The majority of Americans will never know how fortunate we are to have only endured the extremely rare and isolated acts of war on our soil in our lifetime. Nevertheless there are still some (too many of whom have never seen combat) who want to exaggerate our threats, and want to point out how unfortunate we are to the threats of terror to serve their own selfish, political purposes.
Posted by: John | 28 October 2012 at 09:46 PM
Put into that perspective, indeed, America is indeed fortunate that her cities have never been bombed to rubble and walked over by invading and retreating armies. May it remain that way.
My mother still owns a silver spoon that she found when playing in the rubble of their neighbours house. When she asked my grandma whether she can keep it, grandma told her that she can keep it because the neighbours no longer need it.
When I drove to uni on the train every morning, I always passed a number buildings with the characteristic 'pock scared' facades. The lack of aesthetics in the city I live in is testimony to the utter destructiveness of the numerous allied 'thousand bomber raids' that she was subjected to.
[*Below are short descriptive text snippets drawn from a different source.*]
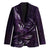 Personalised All Purple New Zealand Darts Blazer Aoteroa Fern Maori Galaxy Style - Polynesian Pride
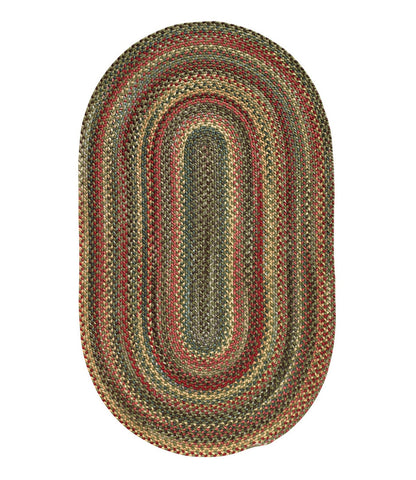 Braided Wool Rug, Oval | L.L.Bean on sale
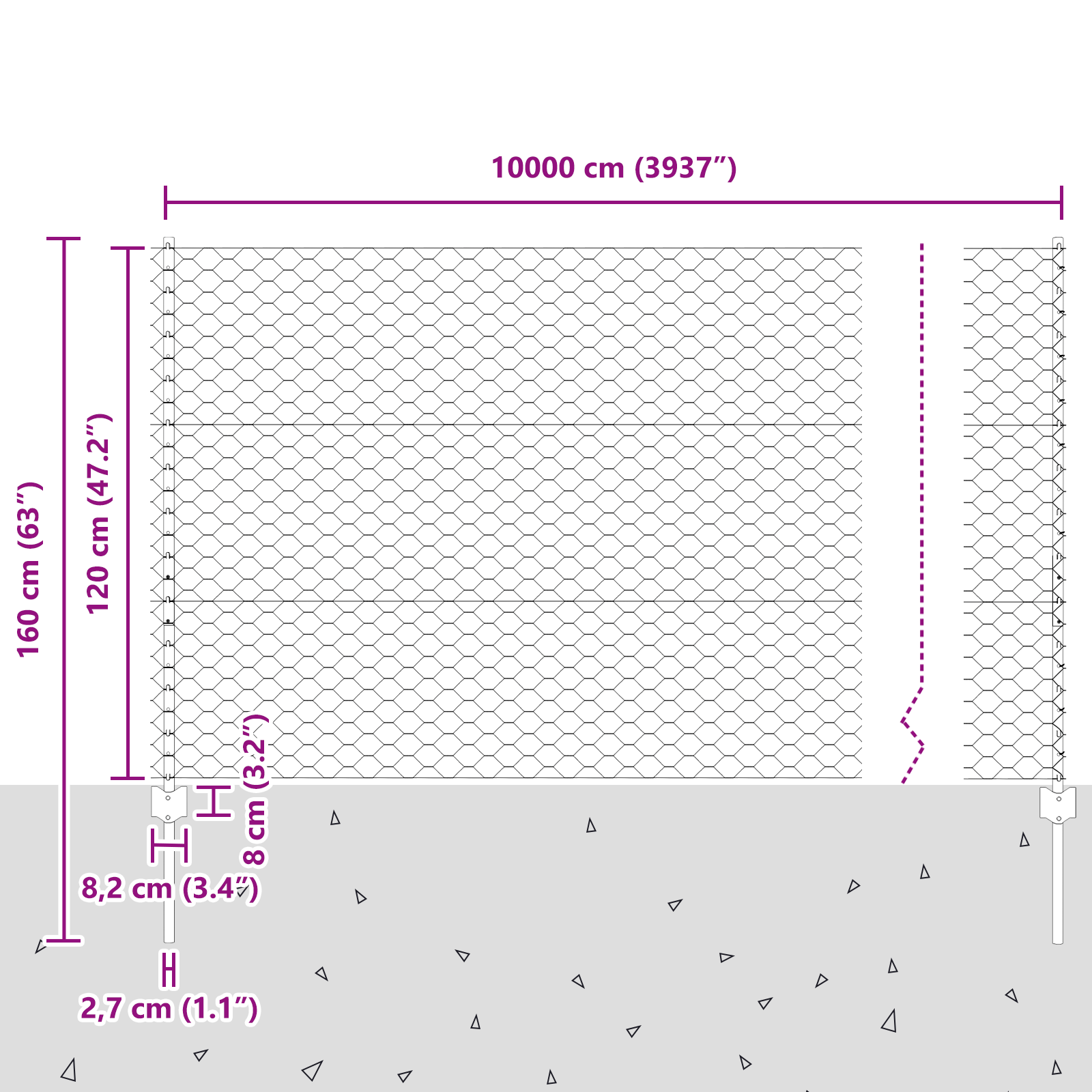 Fence Posts 11 pcs U-Channel Green 120 cm Steel - Image 11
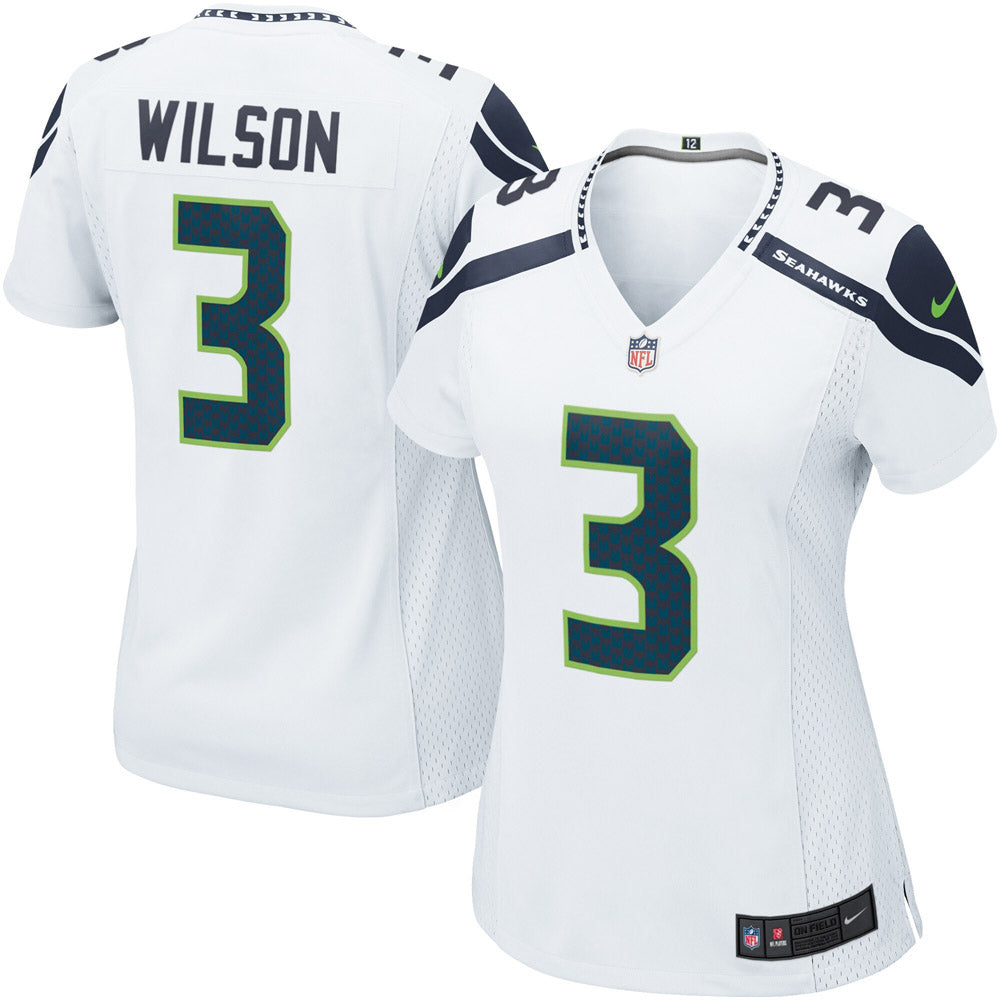 Women's Seattle Seahawks Russell Wilson Game Jersey White - vstockx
When I look at my mother's reactions towards fire even now at her advanced age - she's a 1940 vintage cellar child - I am tempted to think that the trauma created by 9/11 is by an large a hysterical one for those who have not lost friends and relatives there. For the vast majority of the ~300 million Americans it was a TV delivered virtual experience after which they continued their life as usual. No offence.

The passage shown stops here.